19

В чем он ошибся? — Аман не находил себе места все утро, изумив неготового к подобным переменам Тарика внезапной сменой вечернего настроения на прямо противоположное. А потом Аленький цветочек сопоставил факты и выводы… И старательно перебрал особо «нежные» и пикантные выражения, которые берег исключительно для себя любимого на особые случаи.

Куда отправилась погулять вчерашней ночью, его тщательно взлелеянная наблюдательность? Вероятно туда же, куда и быстрота реакции в купе с сообразительностью, которой он так гордился! Полезный урок, что не стоит слишком забываться и расслабляться, даже если вокруг — шкатулка, полная оживших сказок Шахрезады!

Самоуверенность — страшный враг, но в отличии от глупости на определенной стадии излечима. Испытанное средство помогало всегда, помогло и сейчас, а Амани довольно быстро взял себя в руки. Разумеется, старому интригану, с наслаждением прикрывающему свое истинное положение образом скромнейшего из лекарей, приятно изредка поговорить с тем, кто хотя бы приблизительно владеет его языком. Зато Кадер — воин, что выдавал весь его облик: скорее всего он лишь возвращался со своего поста и присел у дома, не в силах устоять перед потребностью воздать хвалу раскрывающемуся над сонным миром чуду ночи, и его единению с рукотворной магией камня твердыни…

Пуще того, Кадер не только воин, даже лучшим из которых подчас свойственна излишняя прямота, он — поэт, а это опасное племя… Фальшь гибельна для них, и самые сильные, чувствуя это, защищаются от угрозы с неистовством загнанного хищника, рвя в клочья и кровавые ошметки все вокруг и самих себя. Слабые — не выживают, но даже самые спокойные из них, чуют нюхом неверную линию в узоре.

Кадер был из поэтов настоящих, а он обратился не так и не к тому, — убедился Аман, уже при ярком свете солнца разглядев своего недавнего собеседника. Мужчина оказался годами гораздо моложе князя, не намного старше его невольника: серединка на половинку, 25-ть — 27-мь… Его старили морщинки с въевшейся пустынной пылью, шрам у брови, перепахавшей левое веко, и взгляд — юноша с горчившим неудовольствием признал, что вполне возможно, его опрометчиво витиеватое и церемонное обращение действительно могло оскорбить музыканта.

Однако, в то же время по неписанной традиции ему оставили шанс, и Аман им воспользовался сполна! Он был скромнее самой скромности, сдержан, краток и лаконичен, так что уже Кадер почувствовал себя виноватым. Юноша пытается выжить и выплыть в абсолютно чуждой среде. Если его учили говорить, прощупывая и предугадывая каждый возможный шаг, то что в том могло задеть!

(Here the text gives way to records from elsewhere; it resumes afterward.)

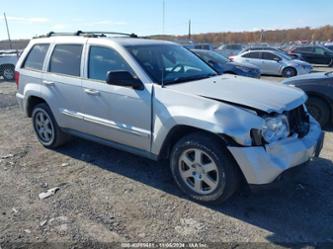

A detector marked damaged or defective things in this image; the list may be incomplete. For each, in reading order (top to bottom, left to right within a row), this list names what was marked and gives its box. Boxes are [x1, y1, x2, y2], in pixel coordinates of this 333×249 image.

dented hood [166, 74, 306, 113]
crumpled front bumper [227, 117, 322, 185]
cracked bumper cover [227, 118, 322, 185] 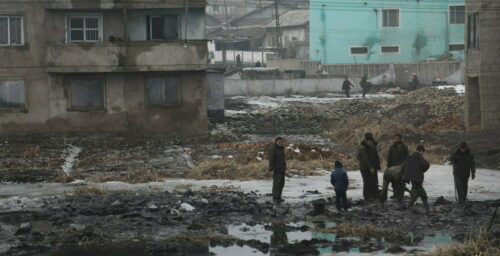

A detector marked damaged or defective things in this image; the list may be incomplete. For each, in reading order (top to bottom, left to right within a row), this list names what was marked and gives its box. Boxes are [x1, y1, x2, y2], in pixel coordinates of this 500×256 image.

broken window [0, 15, 23, 45]
broken window [67, 14, 101, 42]
broken window [146, 15, 180, 40]
broken window [382, 8, 398, 27]
broken window [0, 79, 25, 108]
broken window [68, 79, 104, 109]
broken window [146, 78, 180, 106] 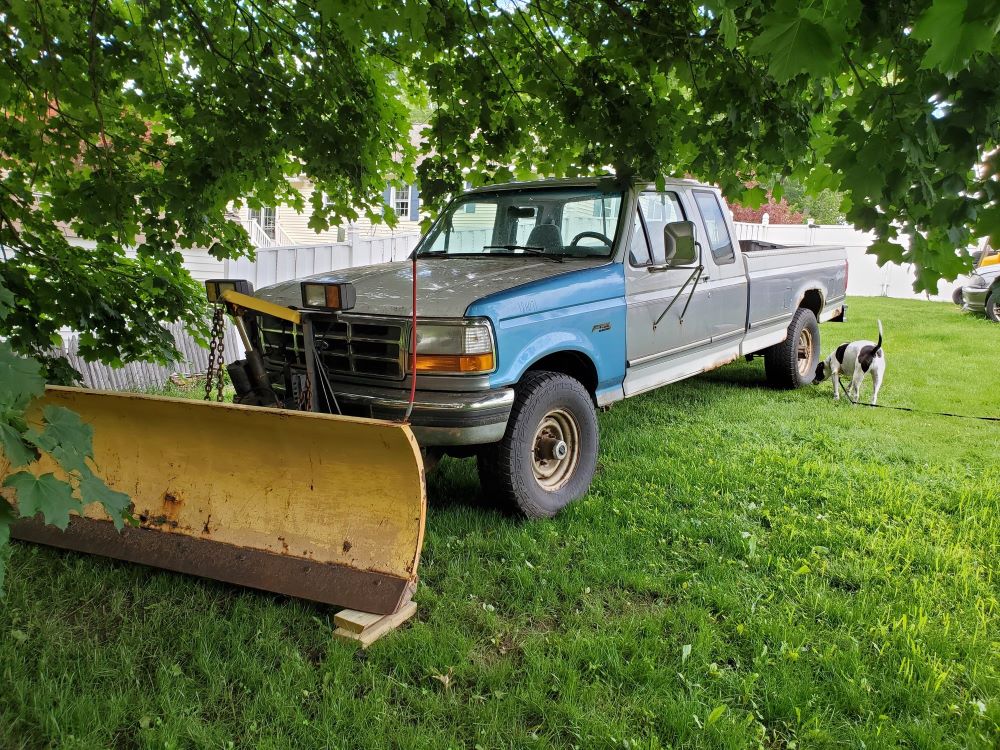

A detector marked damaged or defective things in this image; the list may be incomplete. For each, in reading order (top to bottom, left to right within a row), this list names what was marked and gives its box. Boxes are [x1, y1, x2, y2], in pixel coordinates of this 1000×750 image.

rusty plow blade edge [8, 388, 430, 616]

О Тарике Кадер вообще не задумывался, тем более как об ученике, пока вдруг следующей же просьбой Ас-саталь стали уроки для мальчика, после чего княжий «наложник» вдруг изобразил такое на безыскусный наигрыш, — что замерли руки в немом восхищении! Вслед за тем внезапно одарив жгучей улыбкой из-под рассыпавшихся волос, юноша медленно перетек лепестками угасающего костра на подушки напротив, сверкнув очами сквозь грозовую пелену ресниц:

— Мустахак Кадер, считаете ли вы меня теперь достойным своих умений?! — мурлыкнул молодой зверь в человеческом облике.

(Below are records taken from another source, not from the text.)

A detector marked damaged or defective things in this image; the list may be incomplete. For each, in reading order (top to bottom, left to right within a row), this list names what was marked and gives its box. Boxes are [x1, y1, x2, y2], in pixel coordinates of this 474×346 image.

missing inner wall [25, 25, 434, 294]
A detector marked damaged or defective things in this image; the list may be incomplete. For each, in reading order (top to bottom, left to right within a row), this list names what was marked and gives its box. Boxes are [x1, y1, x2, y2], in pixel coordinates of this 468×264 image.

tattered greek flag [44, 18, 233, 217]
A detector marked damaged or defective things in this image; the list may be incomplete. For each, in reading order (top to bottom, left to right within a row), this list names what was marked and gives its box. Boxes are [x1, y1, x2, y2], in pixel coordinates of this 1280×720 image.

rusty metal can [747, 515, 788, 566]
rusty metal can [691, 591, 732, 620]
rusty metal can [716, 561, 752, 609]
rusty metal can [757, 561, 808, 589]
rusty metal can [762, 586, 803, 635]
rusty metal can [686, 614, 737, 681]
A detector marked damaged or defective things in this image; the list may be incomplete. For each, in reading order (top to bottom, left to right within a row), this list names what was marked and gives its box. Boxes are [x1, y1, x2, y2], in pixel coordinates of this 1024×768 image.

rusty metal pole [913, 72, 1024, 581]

— Я скажу одно, дешадаб, — ткнул пальцем поднявшийся Кадер, — я хочу увидеть наконец твой танец!!

А потом они оба сошли с ума, по мнению единственного наблюдателя этих баталий. Один часами играл все подряд переходя в конце на нечто невообразимое, второй — слушал, прищелкивая, и то и дело срываясь в дикую сарабанду. Оба пели нечто невнятное, выщелкивали и выстукивали, ругались так, что небо краснело прежде заката! Аман шипел, что Бастет пригибала уши и уползала, пятясь, Кадер говорил, и Ас-саталь, звезда, — сжимал зубы крепче, из которых казалось, вот-вот брызнет яд василиска… А потом все это однажды кончилось.

* * *

Триста тридцать третий раз подряд Ас-саталь кружился под тот ритм, что Тарик успел выучить за прошедшую неделю… и вдруг резко замер:

— Понимаю, — тяжело уронил князь, — я не должен был этого видеть!

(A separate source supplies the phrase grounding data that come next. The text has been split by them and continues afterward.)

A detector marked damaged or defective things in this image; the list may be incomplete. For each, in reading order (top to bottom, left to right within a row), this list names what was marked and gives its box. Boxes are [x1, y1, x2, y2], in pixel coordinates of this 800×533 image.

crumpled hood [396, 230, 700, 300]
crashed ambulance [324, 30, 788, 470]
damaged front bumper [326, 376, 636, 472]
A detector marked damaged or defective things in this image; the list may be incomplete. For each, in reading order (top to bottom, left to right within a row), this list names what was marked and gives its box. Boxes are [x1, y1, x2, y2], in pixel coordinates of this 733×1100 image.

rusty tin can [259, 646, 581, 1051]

Словно холодком повеяло, и Амани едва удержался, чтобы не передернуть плечами от неприятного ощущения. Однако минутное замешательство схлынуло, и черная бровь слегка изогнулась.

— Отчего же? — юноша улыбнулся, чтобы смягчить свои слова, и хоть немного — гнев князя на демонстративный прошлый отказ. — Но смотреть пока еще не на что, я подобрал только несколько движений…

Он не вкладывал в улыбку какого-то особого смысла или подтекста, но взгляд мужчины немедленно потеплел и стал другим — ласкающе восхищенным и исступленно жаждущим, отчего Амани неловко отвел глаза, некстати вспомнив вдруг, что на нем нет ничего, кроме незначительного куска ткани вокруг бедер… Поймав себя на том, ЧТО он сейчас подумал, Аман едва не сел там же, где и стоял от изумления: с каких пор Аленький цветочек способен смущаться оттого, что на него, почти нагого, смотрит мужчина?!

И как он на него смотрит! А Амир был совсем рядом, так, что не надо было даже протягивать руку, чтобы коснуться друг друга. Юноша все еще улыбался, но губы слегка подрагивали, и мужчина не мог этого не заметить, даже если не замечал сам Аман.

— Я счастлив, что к тебе вернулась радость танца…

Низкий густой голос звучал чуть хрипловато, отозвавшись там, где ему было совсем не положено: будто теплый ветер обдал своим дыханием. Мысли бестолково метались, не в силах подобрать хозяину не только пристойный ответ, но хотя бы что-то внятное и членораздельное… Какой позор для несравненного бриллианта, услады чресел, певца сладчайшей неги!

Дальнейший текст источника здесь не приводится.